Der Kopf der Schönheit hob sich und sie sah ihn an. Sie wirkte genauso erschöpft wie er sich fühlte und ihre Augen musterten ihn argwöhnisch. »Hallo.«
Er erinnerte sich dunkel daran, dass er sie vor wenigen Stunden nicht gerade höflich behandelt hatte. Nun, daran ließ sich nichts mehr ändern.

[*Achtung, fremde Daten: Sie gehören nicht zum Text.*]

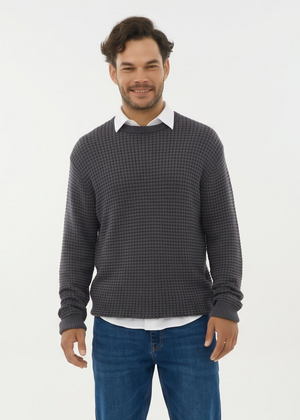 Leo - Pull homme col rond en coton et acrylique à texture bicolore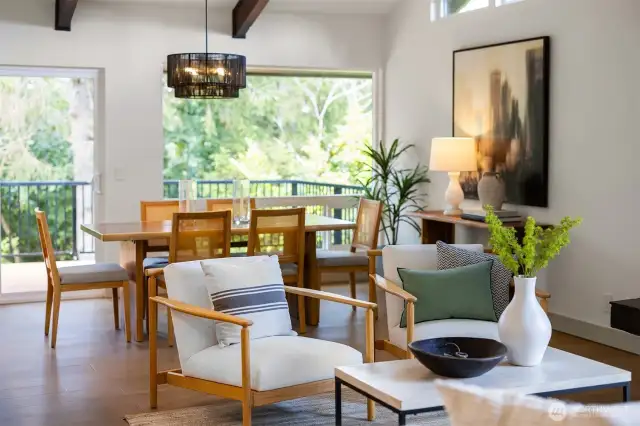 Light floods the open-concept living space. Summer in Seattle has never looked better!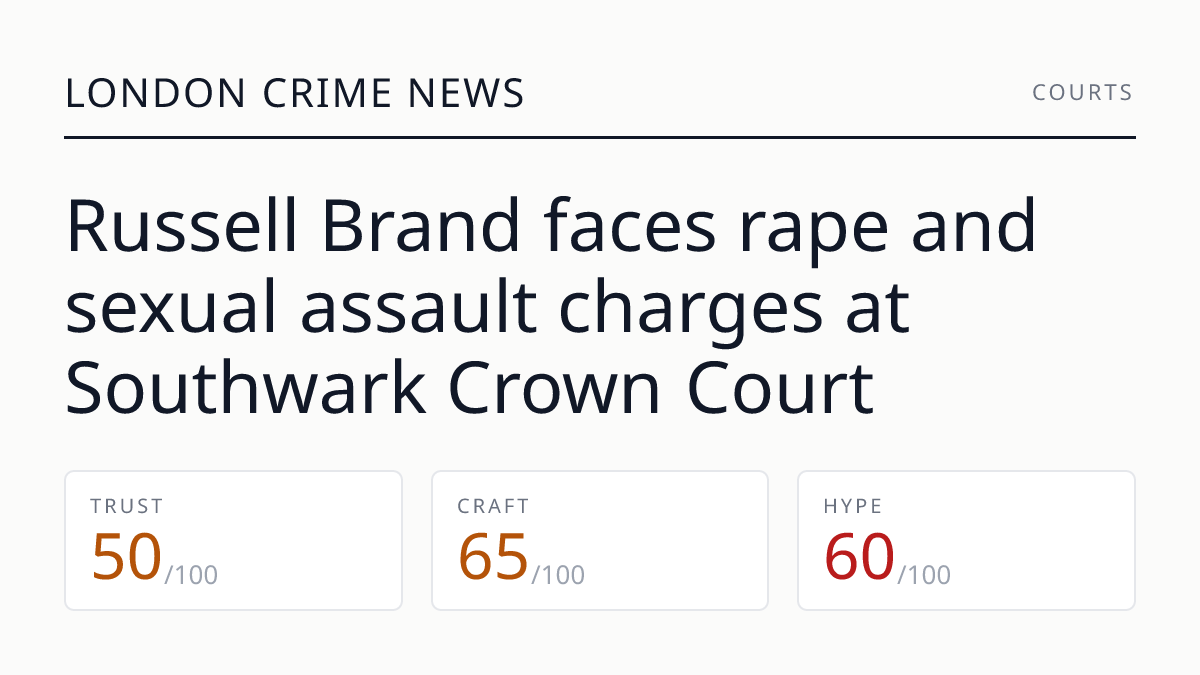 Russell Brand faces rape and sexual assault charges at Southwark Crown Court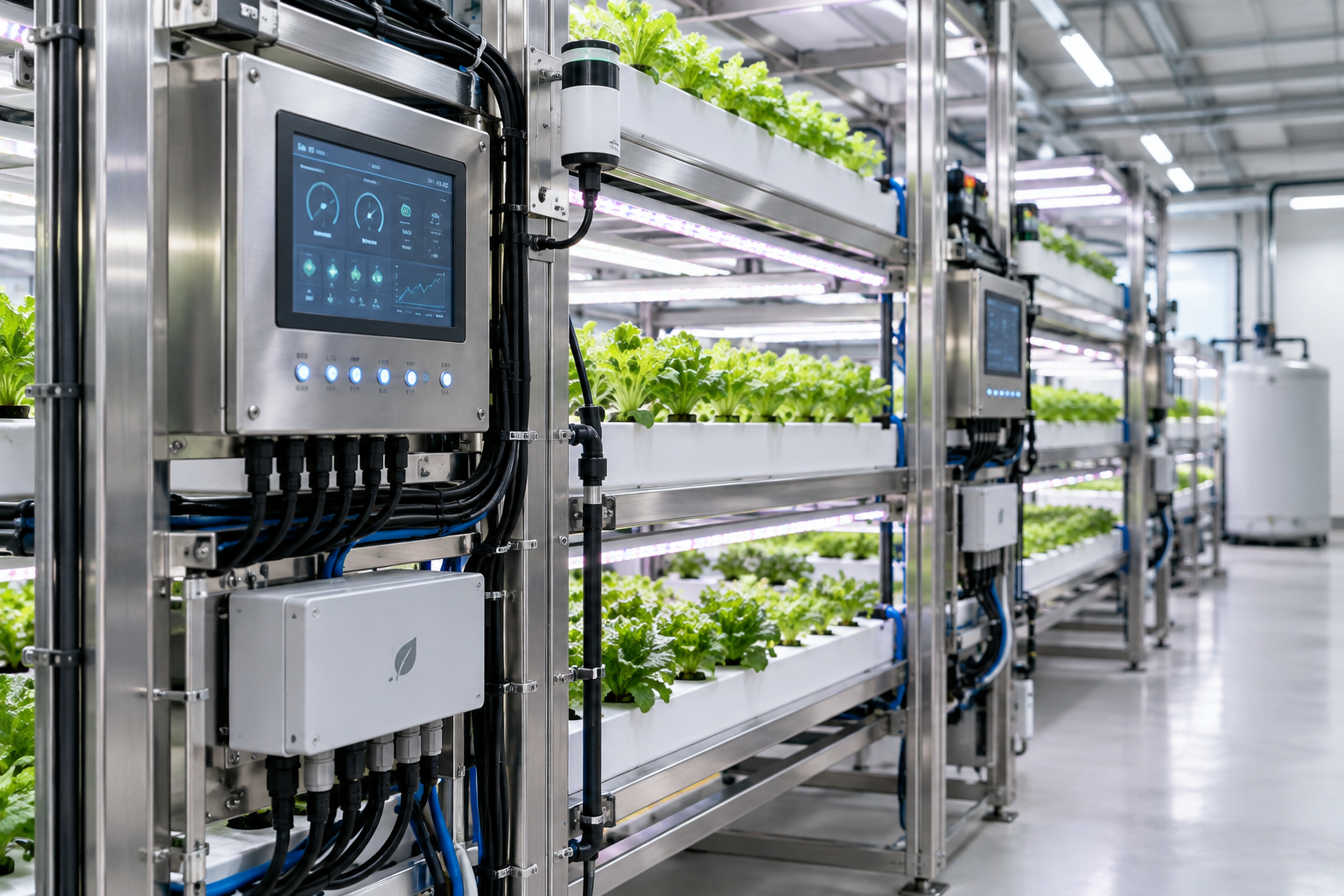 Rows of commercial grow equipment with control panels and integrated sensor cabling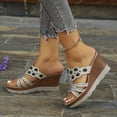 thumbnail image 1 of Sandales Compensées Décorées de Strass pour Femmes Design Découpé Décontracté Sandales à Plateforme Chaussures d'Été Confortables, 1 of 7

»Was machen Sie noch hier?« fragte er daher möglichst um einen neutralen Ton bemüht. Was ihm offenbar nicht sonderlich gut gelungen war, denn sie zog ihre Augenbrauen zusammen und sah ihn dabei noch immer nicht gerade freundlich an. »Warum? Störe ich jemanden?«
Himmel, er vermasselte das wohl gerade so richtig. »Nein. Das war nur eine Frage.«
Die Frau vor ihm stützte ihre Arme auf den Stuhl, legte dann ihre Hände an die Wangen und stöhnte. Dann blickte sie wieder zu ihm auf. »Tut mir Leid. Ich weiß nicht wo mir gerade der Kopf steht.«
Christian stand noch immer bewegungslos vor ihr. »Kein Problem.«
»Ich sollte wohl wirklich besser gehen. Offenbar ist Hannah ja bereits gegangen.« Als sie aufstand fielen ihm ihre langen Beine auf und er rief sich in Erinnerung, dass er sich jetzt nicht auch noch dadurch in Verlegenheit bringen sollte, dass er sie anstarrte wie ein sexsüchtiger Trottel. Er trat einen Schritt zur Seite um sie vorbei zu lassen, dann besann er sich jedoch eines Besseren und griff nach ihrem Arm. In dem Moment, als er sie berührte, fühlte es sich an, als ob ein Stromschlag durch seinen Körper fuhr. Ihr schien es nicht viel anders zu gehen, denn sie drehte sich erschrocken zu ihm um. Ihre Blicke trafen sich und für einen kurzen Augenblick glaubte er, einen Hauch von Leidenschaft aufblitzen zu sehen. Was vermutlich nicht zutraf. Er war übermüdet, das war alles. Er sollte dringend nach Hause und ins Bett. Am besten schlief er die nächsten vierundzwanzig Stunden einfach durch.